In deluding itself into believing that the financial crisis was caused by predatory lending, the left thinks that it can prevent another financial crisis by outlawing such practices as negative amortization, interest-only loans, and no-or-low doc loans.

All that is necessary, for the left, is to make sure that a loan is not high-priced and a borrower can afford the loan at the time of commitment or time of closing. The down-payment, the borrower’s FICO score, and a low DTI that leaves room for the vicissitudes of life are not relevant in QM.

This, however, takes no account of the things that happen after the closing-like recessions, injuries, illnesses, housing price declines, divorces and other ills that flesh is heir to.

These chance occurrences are what a downpayment of 10-20% a solid 660 or higher FICO score, and a DTI in the 30s were designed to prevent. These standards, however, are all irrelevant in QM, as long as the mortgage is affordable at the commitment or closing. That’s why QM mortgages, as the CFPB has defined them, will have enormous failure rates in the future and why we are risking another financial crisis if QM is left as it is.

Indeed, this sentence in Mr. Carr’s article makes clear that the ability to afford a mortgage on the day of closing is not the key to a sound loan: “Communities of color suffered catastrophic losses from the housing meltdown; Latinos experienced a drop of nearly 70 percent of their net worth and Asians and African Americans lost more than half their wealth largely as a direct result of foreclosures and lower home prices.”

The losses that were experienced by communities of color, Latinos and Asians were the result of a housing meltdown, not something they or anyone else could control.

Their ability to afford a particular mortgage on the date of the closing, as QM requires, would not protect these victims against another fall in housing prices or any other serious external event.

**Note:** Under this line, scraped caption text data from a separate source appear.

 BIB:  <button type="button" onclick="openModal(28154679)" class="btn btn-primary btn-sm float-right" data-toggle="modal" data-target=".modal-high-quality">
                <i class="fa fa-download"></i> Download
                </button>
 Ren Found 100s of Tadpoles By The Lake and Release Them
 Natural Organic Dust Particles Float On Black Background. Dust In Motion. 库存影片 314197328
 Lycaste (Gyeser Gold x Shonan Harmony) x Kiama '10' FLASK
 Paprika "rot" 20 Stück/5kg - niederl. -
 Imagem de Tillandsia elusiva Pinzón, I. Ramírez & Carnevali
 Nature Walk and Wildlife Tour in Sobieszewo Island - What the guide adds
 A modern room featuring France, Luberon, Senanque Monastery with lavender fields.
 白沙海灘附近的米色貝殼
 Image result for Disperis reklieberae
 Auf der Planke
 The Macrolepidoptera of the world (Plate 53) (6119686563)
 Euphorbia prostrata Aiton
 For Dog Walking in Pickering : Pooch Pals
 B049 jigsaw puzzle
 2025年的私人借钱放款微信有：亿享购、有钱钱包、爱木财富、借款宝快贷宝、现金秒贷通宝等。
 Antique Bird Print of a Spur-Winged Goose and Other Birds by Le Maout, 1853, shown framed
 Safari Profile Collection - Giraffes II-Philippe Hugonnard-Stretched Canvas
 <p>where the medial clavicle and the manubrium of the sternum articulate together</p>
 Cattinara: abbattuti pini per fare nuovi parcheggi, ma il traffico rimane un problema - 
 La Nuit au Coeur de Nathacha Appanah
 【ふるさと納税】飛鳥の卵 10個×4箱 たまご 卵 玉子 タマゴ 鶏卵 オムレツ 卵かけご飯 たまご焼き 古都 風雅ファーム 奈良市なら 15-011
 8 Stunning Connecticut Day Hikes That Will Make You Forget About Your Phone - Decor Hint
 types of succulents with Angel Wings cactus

Finally, there is the question of who wants these risky mortgages to be made. In my testimony I said it was the realtors, the homebuilders and the community activists, and that when these mortgages fail these groups do not take the losses (which are eventually taken by the taxpayers).

Mr. Carr defends the community activists, although they are the ones that moved HUD to push “flexible” underwriting, and pushed the CFPB to structure QM so that downpayments and FICO scores are irrelevant.

Nevertheless, they have made common cause with the realtors and homebuilders, who profit from more home sales and thus will push mortgage quality to the lowest level they can achieve. In a free market, mortgages of such low quality would not be widespread and mortgage failure rates would be low.

But because they can influence Congress, and because Congress influences what kinds of mortgages are made, these three horsemen will produce another apocalypse.

— Peter Wallison, American Enterprise Institute.